Playing on its home field, Kansas State dug itself a 10-0 hole before the Wildcat offense scored on eight straight possessions. That made it 48-23 early in the fourth quarter before the Wildcats held on for a 48-41 win.
That helped the Wildcats go 8-4 this fall and earn a Liberty Bowl matchup against Navy. Kickoff is at 2:45 p.m. Tuesday.
Holtorf was part of bowl victories in 2016 and ’17, but the Wildcats missed a bowl last season when they went 5-7. Bill Snyder retired as coach after the season, having won 215 games in 27 seasons with the Wildcats.
“The biggest thing I learned from Coach Snyder is that it doesn’t matter who you are on the field,” Holtorf said. “The idea of being a whole student-athlete — being involved in the community, being a leader in the classroom — was something I really learned from him and took to heart throughout my career here at Kansas State.”
The 6-foot-4, 302-pound Holtorf has been as good off the field as on it. He has made 37 straight starts at center, helped the Wildcats average 189 yards rushing per game this season and was honorable mention All-Big 12.
Off the field, the three-time Academic All-American was the Big 12 football scholar-athlete of the year and was one of 12 finalists for the Campbell Trophy, which is considered the academic Heisman.
“To be recognized for that was an extreme honor,” said Holtorf, who earned his bachelor’s degree in agribusiness last December and is on track to complete his MBA in May. “From a fit academically and athletically, it’s went really well.”
Holtorf is one of 27 seniors on K-State’s roster.

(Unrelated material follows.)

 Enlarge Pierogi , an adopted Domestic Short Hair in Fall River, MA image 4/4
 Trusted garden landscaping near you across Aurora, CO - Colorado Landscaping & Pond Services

They had to adjust not only to a new coach in Chris Klieman, who won four FCS national titles at North Dakota State the previous five years, but also to nearly an entire new staff.
One of the coaches who followed Klieman from North Dakota State was offensive line coach Conor Riley, an Omaha Creighton Prep graduate who played football at UNO. Riley said Holtorf’s experience has helped smooth the transition.
“Our center has to do a lot of communications, so the experience and knowledge that Adam has is huge,” Riley said. “The things that make him special, besides his physical attributes, is how sharp a football player he is, how savvy he is, how much he understands blocking schemes and protection.”
Riley actually recruited Holtorf for North Dakota State when he was making his college decision. Holtorf was offered by Kansas State days before he was scheduled to make an unofficial visit to Fargo. Riley figured with the Power Five offer, Holtorf would bypass the visit, but he still wanted to make the trip.
“That said a lot about his character,” Riley said. “How fortunate am I to have that opportunity (to coach him)? We joked early on about how things work out.”
Holtorf is looking forward to the Liberty Bowl, but he’s also weighing whether he’ll pursue a pro career. He’s projected as a late-round pick in some NFL mock drafts.
Riley thinks Holtorf would be an asset on that level.
“With him playing the center position, he’ll have the ability to pick up NFL offenses quickly. He’ll go in there and work his tail off,” Riley said. “I think NFL teams would be missing out because of the type of young man he is.”